We’ve already established that there were three of us muses, three of us in the vanguard, and that our task was nothing less than to rouse a group of nice, future schoolteachers who hadn’t asked to be roused and who, more than anything else, aspired to matrimony. It wasn’t easy. Personally, I can say that I killed myself haranguing those young hordes, prodding them to organize and strike. I closed the eyes of my soul and hurled myself headlong into the jumble of my prose. Only in this way could I fulfill my mission. Because if I stopped for one second to reflect, I risked reaching a conclusion that would render me silent: I had no faith that my words could change a single one of those heads turned towards me with detached curiosity. In other words, my political career was in doubt. Leonora, on the other hand . . . That September, dressed in her white school smock, she revealed herself to us like a Pasionaria. She spoke, and Argentina became a burning rose, crying out for justice. How could we not follow her? Behind her magnetic words, the holier-than-thou declaimers of Astolfi and the blasphemers, the virginal and the deflowered, agreed to join the strike. Even the holdouts showed their mettle: ignited with reactionary passion, they brandished their faith in the Church and their disgust with the popular cause like a banner. No one remained indifferent when Leonora spoke. In the classrooms where small, private dreams had nestled for years, a political conscience began to grow like a new flower.

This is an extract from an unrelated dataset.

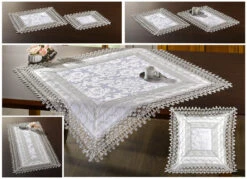 Wundervoll Klassische Tisch- Und Raumdekoration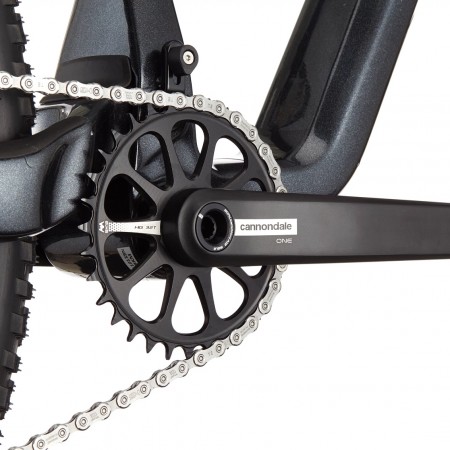 Mtb Cannondale Scalpel Carbon Se 2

Not only did she defy the school authorities (they expelled her at the end of the year, despite her excellent average): her father, whom she loved (and whom I secretly wished was my own father), the brilliant Professor Ordaz, an old-school idealist, loquacious defender of public education and friend of writers, was a government official who therefore (and in other ways) betrayed the dreams of his constituency. To oppose a government plan was to defy her father. But I was the only one who knew that. The others saw whatever they saw: a tall adolescent with a gypsy’s face. And perhaps they believed less in her words – acquired words that she effortlessly made her own – than in the uncompromising, vibrant voice that pronounced them.
So it was that Leonora became the architect of that unusual thing that was becoming apparent in the prep school of the wisterias. But the one who pulled the strings was Celina. In secret meetings with the few Communist youths at the school, she formulated policies that came (as we later learned) from a higher authority. We two were her allies in the field, her confidantes and friends. It wasn’t for nothing that she taught us a secret, last stanza that we sang quietly, savouring the nectar of rebellion: and if Franco doesn’t like the tricolour flag (rumbalabumbalabumbambá, ay, Carmela), we’ll give him a red one with a hammer and sickle (ay, Carmela). But we didn’t interfere in her decisions.
I can’t say that being left out bothered me. I’ve already stated that early on – and not without some conflict – I had accepted the fact that politics wasn’t my destiny. Besides, on the wall of my room I had a poster of Picasso’s “Three Musicians,” and in my soul was the melancholy of being “the grey beret and the peaceful heart.” I loved the rustic nobility of Maciste the blacksmith and Raúl González Tuñón’s verses; I was rocked in the cradle of Communism and didn’t mind having decisions made for me.
Leonora, on the other hand, wasn’t one to let herself be rocked. Shortly after that September, she told me she had a secret to share with me. It must have still been springtime because the memory of it blends with a certain perfume and with an almost painfully intense awareness of being alive.
She had slipped her arm around my shoulder and, as on so many other occasions, we started walking along Plaza Almagro. A habitual gesture, that embrace, clearly required by the four inches she had on me and by a certain matriarchal attitude she always assumed. We both liked – or now I think we both liked – to walk like that, as though feeling the other’s body made us strong enough to sustain the universal laws we invented right then and there as we walked along, which were designed to eradicate stupidity, injustice, and unhappiness from the earth. I was the lawmaker, quite adept at inventing theories for everything, though too shy or carried away to convince anyone who didn’t know me as well as Leonora did; so it was she, not I, who was in charge of using those arguments whenever the time came.
But that afternoon there were no arguments or theories. There was a revelation that shook me. I’ve thought a lot about her decision that spring. Maybe I still think about it, and maybe that’s the real reason I’m writing these words.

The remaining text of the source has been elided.